ROMAN AMÉRICAIN — En trois romans, Dinaw Mengestu s’est imposé comme une des nouvelles voix de la littérature étasunienne. Un de ses thèmes de prédilection est l’immigration africaine aux États-Unis, thème éminemment personnel. Dans Tous nos noms, paru en France en 2015, Dinaw Mengestu donne voix à deux personnages, sur deux continents différents. Le premier, Isaac, est aux premières loges d’une révolution en Afrique. Le second s’appelle Helen : elle est assistante sociale dans le Midwest, et va tomber amoureuse d’Isaac.
Comme on peut l’imaginer, les deux récits qui forment Tous nos noms sont très différents, mais ils parlent tous deux de la difficulté de trouver sa place. Isaac cherche un sens à sa vie, à faire partie d’un tout. Il se laisse embarquer dans une révolution qui le dépasse, pour plaire au véritable Isaac, dont il prend l’identité en quittant l’Afrique. C’est en Amérique qu’Helen le rencontre : chargée de l’aider à s’intégrer, elle tombe rapidement sous son charme. Mais nous sommes dans une Amérique à peine déségrégationnée, qui voit d’un mauvais oeil l’émergence d’un couple mixte. Helen est peut-être un peu naïve, mais elle s’en rend bien vite compte, lorsqu’elle assiste à des scènes du racisme ordinaire : un déjeuner dans un diner où l’on fait comprendre à Isaac qu’il n’est pas le bienvenu suffit à lui faire prendre conscience d’une réalité terrible, qui n’avait pas échappé à Isaac, pourtant encore peu au fait des questions de droits civiques aux États-Unis. Au delà de cela, Helen essaie de trouver sa place, d’être une femme moderne, d’échapper au destin de vieille fille vivant avec sa mère qui semble se dessiner pour elle.

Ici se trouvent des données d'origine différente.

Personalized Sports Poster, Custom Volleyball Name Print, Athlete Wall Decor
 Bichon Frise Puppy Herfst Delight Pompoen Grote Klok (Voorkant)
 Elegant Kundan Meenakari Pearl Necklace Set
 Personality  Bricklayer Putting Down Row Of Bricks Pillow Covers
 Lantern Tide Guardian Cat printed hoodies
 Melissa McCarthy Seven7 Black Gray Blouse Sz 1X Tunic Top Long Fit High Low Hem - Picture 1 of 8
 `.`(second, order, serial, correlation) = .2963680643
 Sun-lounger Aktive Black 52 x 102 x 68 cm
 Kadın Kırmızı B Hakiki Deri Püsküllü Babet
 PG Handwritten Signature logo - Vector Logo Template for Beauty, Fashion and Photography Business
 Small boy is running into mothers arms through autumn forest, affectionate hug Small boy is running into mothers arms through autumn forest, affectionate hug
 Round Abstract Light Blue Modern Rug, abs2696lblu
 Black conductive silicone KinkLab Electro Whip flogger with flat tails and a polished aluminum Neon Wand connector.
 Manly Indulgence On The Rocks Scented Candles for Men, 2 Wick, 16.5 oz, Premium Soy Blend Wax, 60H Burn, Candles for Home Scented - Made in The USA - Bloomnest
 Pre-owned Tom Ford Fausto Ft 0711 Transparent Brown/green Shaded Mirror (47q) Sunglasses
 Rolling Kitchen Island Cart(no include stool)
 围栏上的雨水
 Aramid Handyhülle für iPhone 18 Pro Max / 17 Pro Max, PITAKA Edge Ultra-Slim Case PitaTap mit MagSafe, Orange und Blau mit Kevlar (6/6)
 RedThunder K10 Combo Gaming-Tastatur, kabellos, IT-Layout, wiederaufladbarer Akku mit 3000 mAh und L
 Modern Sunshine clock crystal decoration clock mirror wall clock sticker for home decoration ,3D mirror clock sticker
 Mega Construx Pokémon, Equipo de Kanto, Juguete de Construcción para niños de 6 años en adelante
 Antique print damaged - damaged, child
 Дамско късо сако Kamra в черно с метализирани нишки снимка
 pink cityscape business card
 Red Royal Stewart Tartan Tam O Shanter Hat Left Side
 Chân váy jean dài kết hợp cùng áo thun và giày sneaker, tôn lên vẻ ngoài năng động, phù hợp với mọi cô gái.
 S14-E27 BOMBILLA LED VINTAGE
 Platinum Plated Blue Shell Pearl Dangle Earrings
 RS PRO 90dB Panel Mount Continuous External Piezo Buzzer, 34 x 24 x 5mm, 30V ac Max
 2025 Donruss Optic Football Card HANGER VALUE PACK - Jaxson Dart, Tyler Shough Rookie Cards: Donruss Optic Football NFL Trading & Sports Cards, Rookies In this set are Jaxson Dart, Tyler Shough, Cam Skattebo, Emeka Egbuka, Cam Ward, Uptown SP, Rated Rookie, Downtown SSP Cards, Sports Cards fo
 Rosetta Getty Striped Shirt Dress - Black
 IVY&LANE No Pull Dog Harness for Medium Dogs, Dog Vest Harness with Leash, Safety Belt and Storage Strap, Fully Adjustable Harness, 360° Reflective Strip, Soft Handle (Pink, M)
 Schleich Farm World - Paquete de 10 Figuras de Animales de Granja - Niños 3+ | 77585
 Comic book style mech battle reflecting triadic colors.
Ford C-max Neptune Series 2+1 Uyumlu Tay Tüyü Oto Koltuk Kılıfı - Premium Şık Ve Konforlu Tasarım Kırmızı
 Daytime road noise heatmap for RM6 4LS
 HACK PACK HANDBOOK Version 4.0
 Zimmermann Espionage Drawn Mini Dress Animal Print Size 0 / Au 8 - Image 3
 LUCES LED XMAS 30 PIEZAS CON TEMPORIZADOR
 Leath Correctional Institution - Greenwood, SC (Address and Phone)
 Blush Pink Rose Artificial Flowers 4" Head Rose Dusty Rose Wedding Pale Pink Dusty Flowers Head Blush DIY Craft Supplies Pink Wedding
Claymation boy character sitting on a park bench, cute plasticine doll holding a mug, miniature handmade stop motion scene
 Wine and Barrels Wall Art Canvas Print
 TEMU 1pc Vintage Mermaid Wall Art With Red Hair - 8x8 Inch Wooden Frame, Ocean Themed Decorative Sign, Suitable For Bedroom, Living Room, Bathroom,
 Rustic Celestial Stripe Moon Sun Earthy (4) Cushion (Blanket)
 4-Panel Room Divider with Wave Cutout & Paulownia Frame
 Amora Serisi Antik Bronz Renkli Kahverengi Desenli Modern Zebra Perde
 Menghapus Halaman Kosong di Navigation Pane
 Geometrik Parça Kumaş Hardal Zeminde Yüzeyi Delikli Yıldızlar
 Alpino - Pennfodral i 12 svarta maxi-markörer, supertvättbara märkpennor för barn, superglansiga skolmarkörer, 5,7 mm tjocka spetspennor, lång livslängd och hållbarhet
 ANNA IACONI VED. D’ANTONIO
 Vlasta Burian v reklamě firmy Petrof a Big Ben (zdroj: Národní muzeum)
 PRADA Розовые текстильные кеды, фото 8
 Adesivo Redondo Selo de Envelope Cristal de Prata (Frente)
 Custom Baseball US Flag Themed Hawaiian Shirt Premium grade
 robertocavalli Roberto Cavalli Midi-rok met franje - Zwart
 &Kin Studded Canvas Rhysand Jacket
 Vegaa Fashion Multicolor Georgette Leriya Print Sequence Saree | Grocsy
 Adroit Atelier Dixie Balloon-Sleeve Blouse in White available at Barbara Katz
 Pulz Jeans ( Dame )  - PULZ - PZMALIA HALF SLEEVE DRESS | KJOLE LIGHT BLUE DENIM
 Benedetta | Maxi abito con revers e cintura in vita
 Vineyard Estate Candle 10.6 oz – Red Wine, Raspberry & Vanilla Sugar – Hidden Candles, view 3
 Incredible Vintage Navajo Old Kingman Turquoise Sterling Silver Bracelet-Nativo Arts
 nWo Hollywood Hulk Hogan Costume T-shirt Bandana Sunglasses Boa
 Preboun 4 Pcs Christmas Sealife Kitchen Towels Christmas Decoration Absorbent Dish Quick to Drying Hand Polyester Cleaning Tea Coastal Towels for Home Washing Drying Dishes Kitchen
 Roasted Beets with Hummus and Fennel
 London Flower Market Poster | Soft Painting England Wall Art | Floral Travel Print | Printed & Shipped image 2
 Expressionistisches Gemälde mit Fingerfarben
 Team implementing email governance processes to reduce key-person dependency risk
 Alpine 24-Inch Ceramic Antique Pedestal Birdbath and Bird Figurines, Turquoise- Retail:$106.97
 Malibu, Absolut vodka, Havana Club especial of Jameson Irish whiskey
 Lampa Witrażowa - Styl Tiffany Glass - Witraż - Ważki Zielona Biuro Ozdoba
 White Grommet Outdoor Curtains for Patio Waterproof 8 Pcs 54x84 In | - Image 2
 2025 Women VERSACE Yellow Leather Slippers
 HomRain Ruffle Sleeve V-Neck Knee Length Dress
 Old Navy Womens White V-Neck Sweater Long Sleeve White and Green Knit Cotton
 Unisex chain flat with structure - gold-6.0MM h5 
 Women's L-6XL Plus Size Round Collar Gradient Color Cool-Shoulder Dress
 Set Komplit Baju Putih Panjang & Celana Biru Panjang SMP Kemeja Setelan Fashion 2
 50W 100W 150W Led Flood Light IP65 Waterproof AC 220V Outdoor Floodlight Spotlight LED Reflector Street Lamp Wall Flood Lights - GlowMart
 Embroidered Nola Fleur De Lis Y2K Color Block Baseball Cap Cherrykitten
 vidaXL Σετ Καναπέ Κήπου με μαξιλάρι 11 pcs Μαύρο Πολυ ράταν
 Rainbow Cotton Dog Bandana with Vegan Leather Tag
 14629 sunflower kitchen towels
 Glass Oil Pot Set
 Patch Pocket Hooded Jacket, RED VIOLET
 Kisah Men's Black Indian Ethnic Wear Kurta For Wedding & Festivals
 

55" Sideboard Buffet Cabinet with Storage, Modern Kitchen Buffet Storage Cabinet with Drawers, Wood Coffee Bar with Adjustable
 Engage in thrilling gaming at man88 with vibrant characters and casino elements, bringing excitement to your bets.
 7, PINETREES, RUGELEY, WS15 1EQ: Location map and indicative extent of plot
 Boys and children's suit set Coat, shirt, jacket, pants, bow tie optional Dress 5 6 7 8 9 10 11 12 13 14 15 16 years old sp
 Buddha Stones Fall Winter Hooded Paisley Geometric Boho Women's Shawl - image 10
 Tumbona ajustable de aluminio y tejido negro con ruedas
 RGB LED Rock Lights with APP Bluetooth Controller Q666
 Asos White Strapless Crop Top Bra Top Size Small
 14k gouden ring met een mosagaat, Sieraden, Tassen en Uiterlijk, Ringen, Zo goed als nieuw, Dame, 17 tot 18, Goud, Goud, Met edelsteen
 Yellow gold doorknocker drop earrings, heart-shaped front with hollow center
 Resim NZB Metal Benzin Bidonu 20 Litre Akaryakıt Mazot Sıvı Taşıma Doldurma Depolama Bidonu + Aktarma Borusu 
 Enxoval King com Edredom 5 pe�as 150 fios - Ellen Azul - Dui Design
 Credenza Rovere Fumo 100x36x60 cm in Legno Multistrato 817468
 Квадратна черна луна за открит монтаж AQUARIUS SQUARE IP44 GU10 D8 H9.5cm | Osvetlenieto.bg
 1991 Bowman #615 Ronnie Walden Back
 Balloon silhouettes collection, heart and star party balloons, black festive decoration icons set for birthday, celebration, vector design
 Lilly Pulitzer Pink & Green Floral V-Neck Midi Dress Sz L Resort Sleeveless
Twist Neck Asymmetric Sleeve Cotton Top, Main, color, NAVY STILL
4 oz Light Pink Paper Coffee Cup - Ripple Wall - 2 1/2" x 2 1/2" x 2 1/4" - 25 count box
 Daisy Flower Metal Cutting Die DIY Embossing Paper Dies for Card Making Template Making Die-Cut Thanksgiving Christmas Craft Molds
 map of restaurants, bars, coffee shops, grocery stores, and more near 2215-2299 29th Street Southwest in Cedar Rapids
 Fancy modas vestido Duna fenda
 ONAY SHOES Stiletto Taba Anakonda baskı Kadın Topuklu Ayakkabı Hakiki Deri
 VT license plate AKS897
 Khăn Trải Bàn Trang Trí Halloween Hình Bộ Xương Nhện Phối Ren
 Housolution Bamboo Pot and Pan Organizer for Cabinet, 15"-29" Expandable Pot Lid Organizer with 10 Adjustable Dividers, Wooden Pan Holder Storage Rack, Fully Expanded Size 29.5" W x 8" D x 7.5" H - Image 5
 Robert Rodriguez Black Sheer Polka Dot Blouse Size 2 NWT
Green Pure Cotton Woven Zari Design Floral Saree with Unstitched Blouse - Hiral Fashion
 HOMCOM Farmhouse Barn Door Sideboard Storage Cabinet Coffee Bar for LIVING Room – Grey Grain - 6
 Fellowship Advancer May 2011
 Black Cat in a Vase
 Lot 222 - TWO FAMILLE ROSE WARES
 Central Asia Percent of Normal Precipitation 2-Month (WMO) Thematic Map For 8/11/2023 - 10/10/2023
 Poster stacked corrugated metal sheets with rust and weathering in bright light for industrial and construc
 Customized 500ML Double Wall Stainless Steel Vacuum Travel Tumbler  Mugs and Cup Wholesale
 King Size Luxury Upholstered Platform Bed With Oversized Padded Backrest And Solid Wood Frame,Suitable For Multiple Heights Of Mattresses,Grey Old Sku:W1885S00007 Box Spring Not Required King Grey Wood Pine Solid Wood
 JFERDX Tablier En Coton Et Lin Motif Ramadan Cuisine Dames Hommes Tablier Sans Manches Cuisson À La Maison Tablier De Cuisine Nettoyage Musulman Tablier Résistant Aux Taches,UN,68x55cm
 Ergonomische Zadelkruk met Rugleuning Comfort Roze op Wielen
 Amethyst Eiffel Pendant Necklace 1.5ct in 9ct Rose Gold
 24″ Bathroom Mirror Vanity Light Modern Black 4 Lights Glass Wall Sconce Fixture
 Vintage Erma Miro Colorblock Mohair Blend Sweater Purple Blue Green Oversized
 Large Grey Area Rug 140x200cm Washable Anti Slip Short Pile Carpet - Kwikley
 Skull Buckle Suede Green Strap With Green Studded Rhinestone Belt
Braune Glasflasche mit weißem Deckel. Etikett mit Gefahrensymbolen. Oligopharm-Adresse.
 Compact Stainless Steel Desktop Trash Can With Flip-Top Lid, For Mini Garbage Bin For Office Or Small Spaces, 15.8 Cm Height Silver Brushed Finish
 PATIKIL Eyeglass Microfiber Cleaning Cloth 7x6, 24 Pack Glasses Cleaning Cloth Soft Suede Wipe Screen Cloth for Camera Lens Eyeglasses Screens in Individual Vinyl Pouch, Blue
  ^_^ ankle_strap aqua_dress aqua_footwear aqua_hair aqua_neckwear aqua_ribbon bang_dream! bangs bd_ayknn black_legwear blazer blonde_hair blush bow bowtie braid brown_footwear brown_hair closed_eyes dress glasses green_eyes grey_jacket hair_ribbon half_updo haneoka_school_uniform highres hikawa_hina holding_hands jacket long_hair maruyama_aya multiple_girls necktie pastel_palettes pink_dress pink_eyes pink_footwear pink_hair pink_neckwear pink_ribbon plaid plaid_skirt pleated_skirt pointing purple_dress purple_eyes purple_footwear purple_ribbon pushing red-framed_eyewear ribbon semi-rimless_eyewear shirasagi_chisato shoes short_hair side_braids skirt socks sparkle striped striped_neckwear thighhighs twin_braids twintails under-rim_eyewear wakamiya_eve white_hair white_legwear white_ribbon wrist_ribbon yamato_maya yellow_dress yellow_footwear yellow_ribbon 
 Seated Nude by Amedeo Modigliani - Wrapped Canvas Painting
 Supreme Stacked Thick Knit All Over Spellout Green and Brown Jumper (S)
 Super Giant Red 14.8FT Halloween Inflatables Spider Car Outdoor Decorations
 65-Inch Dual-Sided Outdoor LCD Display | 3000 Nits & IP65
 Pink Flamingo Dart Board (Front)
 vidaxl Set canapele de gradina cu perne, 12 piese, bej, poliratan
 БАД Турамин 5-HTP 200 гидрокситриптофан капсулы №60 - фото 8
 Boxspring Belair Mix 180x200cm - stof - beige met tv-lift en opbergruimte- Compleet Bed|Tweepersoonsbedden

Tous nos noms n’est pas le meilleur roman de Dinaw Mengestu, qui nous avait charmés par la puissance et l’émotion qui se dégageaient de ses deux premiers romans, tous deux excellents. Il s’agit pourtant d’un très bon roman, sachant toucher la corde sensible quand il le faut, sans jamais surenchérir dans le pathos ou la violence inutiles. Dinaw Mengestu maîtrise absolument tous les aspects de son roman et montre une nouvelle fois qu’il est un écrivain à suivre : la tension montre progressivement, au rythme idéal, et le récit se déroule sans heurts, servi par une écriture toujours aussi délicate. Nous avons déjà hâte de découvrir le prochain roman de Dinaw Mengestu, qui, rappelons-le, sera présent à Millepages le 13 mai à l’occasion de l’anniversaire de la collection qui l’accueille en France, Terres d’Amérique.
Un roman qui pourrait me plaire mais je pense d’abord découvrir un autre de ses romans.